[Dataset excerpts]
——

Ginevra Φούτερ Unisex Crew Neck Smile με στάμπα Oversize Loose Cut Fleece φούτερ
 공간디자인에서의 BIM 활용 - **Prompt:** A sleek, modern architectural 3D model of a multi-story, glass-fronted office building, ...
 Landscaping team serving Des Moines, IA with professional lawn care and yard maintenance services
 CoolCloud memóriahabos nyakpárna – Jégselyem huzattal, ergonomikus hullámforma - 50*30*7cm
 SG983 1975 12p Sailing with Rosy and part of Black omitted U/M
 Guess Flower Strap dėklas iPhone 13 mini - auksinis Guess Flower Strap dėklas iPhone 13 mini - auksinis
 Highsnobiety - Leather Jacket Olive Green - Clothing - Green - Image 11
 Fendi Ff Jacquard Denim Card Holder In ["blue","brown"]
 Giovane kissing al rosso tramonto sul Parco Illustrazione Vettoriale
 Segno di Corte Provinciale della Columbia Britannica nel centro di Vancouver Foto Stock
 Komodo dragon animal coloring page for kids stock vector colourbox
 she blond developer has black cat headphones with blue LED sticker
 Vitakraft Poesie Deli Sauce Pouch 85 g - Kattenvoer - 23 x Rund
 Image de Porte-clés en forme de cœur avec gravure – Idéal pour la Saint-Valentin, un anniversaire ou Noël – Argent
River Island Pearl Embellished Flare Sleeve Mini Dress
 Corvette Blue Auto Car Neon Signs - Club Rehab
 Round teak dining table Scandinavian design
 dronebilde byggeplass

——

### Exercise objective
Exactly one number is the answer: how many lines in the data include the word "Image".

### Task result
2